*** Opening DATA EXTRACTS ***

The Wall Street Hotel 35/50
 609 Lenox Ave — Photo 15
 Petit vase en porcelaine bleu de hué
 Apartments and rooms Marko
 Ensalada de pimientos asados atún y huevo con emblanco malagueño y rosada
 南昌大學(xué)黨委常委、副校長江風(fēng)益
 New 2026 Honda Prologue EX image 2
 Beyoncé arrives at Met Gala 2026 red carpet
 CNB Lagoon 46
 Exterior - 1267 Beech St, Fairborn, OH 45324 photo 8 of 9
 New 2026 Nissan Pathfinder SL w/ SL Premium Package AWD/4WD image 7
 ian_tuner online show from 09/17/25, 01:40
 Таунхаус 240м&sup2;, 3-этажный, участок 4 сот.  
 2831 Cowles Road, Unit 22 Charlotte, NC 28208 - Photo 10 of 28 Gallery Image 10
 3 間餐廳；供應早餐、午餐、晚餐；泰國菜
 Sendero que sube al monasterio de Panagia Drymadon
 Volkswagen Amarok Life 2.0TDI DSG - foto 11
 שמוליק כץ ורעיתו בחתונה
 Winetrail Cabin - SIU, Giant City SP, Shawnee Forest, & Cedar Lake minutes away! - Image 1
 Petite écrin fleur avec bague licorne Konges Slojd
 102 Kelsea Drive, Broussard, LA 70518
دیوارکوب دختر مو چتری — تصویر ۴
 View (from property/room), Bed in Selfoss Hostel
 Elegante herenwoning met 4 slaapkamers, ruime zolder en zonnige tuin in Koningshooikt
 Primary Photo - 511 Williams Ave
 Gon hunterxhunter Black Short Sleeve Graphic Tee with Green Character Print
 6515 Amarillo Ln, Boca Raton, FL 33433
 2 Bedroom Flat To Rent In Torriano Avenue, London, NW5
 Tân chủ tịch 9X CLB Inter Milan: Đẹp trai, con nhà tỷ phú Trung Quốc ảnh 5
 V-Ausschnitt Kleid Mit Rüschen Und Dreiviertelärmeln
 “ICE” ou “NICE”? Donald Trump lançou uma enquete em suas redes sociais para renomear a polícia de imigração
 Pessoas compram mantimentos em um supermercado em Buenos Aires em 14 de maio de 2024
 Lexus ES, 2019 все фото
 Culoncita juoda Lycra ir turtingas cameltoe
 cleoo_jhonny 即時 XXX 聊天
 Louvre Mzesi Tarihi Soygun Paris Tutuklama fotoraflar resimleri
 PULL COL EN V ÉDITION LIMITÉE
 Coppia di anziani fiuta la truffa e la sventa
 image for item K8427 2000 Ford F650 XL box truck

*** Closing DATA EXTRACTS ***

### [WHAT NEEDS TO BE DONE]
Reproduce exactly the first line of the listing and every line after it, through the one containing "V-Ausschnitt Kleid Mit". Nothing else belongs in the output.

### [REPLY TO THE EXERCISE]
The Wall Street Hotel 35/50
 609 Lenox Ave — Photo 15
 Petit vase en porcelaine bleu de hué
 Apartments and rooms Marko
 Ensalada de pimientos asados atún y huevo con emblanco malagueño y rosada
 南昌大學(xué)黨委常委、副校長江風(fēng)益
 New 2026 Honda Prologue EX image 2
 Beyoncé arrives at Met Gala 2026 red carpet
 CNB Lagoon 46
 Exterior - 1267 Beech St, Fairborn, OH 45324 photo 8 of 9
 New 2026 Nissan Pathfinder SL w/ SL Premium Package AWD/4WD image 7
 ian_tuner online show from 09/17/25, 01:40
 Таунхаус 240м&sup2;, 3-этажный, участок 4 сот.  
 2831 Cowles Road, Unit 22 Charlotte, NC 28208 - Photo 10 of 28 Gallery Image 10
 3 間餐廳；供應早餐、午餐、晚餐；泰國菜
 Sendero que sube al monasterio de Panagia Drymadon
 Volkswagen Amarok Life 2.0TDI DSG - foto 11
 שמוליק כץ ורעיתו בחתונה
 Winetrail Cabin - SIU, Giant City SP, Shawnee Forest, & Cedar Lake minutes away! - Image 1
 Petite écrin fleur avec bague licorne Konges Slojd
 102 Kelsea Drive, Broussard, LA 70518
دیوارکوب دختر مو چتری — تصویر ۴
 View (from property/room), Bed in Selfoss Hostel
 Elegante herenwoning met 4 slaapkamers, ruime zolder en zonnige tuin in Koningshooikt
 Primary Photo - 511 Williams Ave
 Gon hunterxhunter Black Short Sleeve Graphic Tee with Green Character Print
 6515 Amarillo Ln, Boca Raton, FL 33433
 2 Bedroom Flat To Rent In Torriano Avenue, London, NW5
 Tân chủ tịch 9X CLB Inter Milan: Đẹp trai, con nhà tỷ phú Trung Quốc ảnh 5
 V-Ausschnitt Kleid Mit Rüschen Und Dreiviertelärmeln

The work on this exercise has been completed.